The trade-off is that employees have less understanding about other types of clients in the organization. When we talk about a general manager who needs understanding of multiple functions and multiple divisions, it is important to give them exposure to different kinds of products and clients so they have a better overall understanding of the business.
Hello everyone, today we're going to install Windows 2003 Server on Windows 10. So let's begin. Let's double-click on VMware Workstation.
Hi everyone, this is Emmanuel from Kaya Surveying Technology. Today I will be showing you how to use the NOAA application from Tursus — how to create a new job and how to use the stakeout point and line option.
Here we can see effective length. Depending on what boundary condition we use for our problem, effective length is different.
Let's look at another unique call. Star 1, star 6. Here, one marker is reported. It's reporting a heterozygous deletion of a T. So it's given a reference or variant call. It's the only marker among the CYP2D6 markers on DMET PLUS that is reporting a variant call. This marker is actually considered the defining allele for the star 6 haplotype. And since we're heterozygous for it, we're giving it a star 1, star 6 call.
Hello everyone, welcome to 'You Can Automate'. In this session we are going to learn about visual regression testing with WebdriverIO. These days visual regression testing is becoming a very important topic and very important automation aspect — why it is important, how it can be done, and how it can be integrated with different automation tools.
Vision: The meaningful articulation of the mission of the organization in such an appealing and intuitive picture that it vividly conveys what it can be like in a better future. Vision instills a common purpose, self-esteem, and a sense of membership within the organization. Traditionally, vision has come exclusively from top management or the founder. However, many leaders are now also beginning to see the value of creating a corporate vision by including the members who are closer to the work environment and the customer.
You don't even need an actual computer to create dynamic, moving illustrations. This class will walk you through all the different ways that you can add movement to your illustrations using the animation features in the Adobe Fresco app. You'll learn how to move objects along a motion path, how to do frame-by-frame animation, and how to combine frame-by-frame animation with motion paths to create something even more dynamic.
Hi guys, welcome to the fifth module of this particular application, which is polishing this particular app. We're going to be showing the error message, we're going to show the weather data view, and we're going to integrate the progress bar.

WHAT YOU WILL DO: Lines from the one containing "Hello everyone, welcome" through the last line of the data above are the only output wanted; restate them exactly.

RESULT FOR THIS EXERCISE:
Hello everyone, welcome to 'You Can Automate'. In this session we are going to learn about visual regression testing with WebdriverIO. These days visual regression testing is becoming a very important topic and very important automation aspect — why it is important, how it can be done, and how it can be integrated with different automation tools.
Vision: The meaningful articulation of the mission of the organization in such an appealing and intuitive picture that it vividly conveys what it can be like in a better future. Vision instills a common purpose, self-esteem, and a sense of membership within the organization. Traditionally, vision has come exclusively from top management or the founder. However, many leaders are now also beginning to see the value of creating a corporate vision by including the members who are closer to the work environment and the customer.
You don't even need an actual computer to create dynamic, moving illustrations. This class will walk you through all the different ways that you can add movement to your illustrations using the animation features in the Adobe Fresco app. You'll learn how to move objects along a motion path, how to do frame-by-frame animation, and how to combine frame-by-frame animation with motion paths to create something even more dynamic.
Hi guys, welcome to the fifth module of this particular application, which is polishing this particular app. We're going to be showing the error message, we're going to show the weather data view, and we're going to integrate the progress bar.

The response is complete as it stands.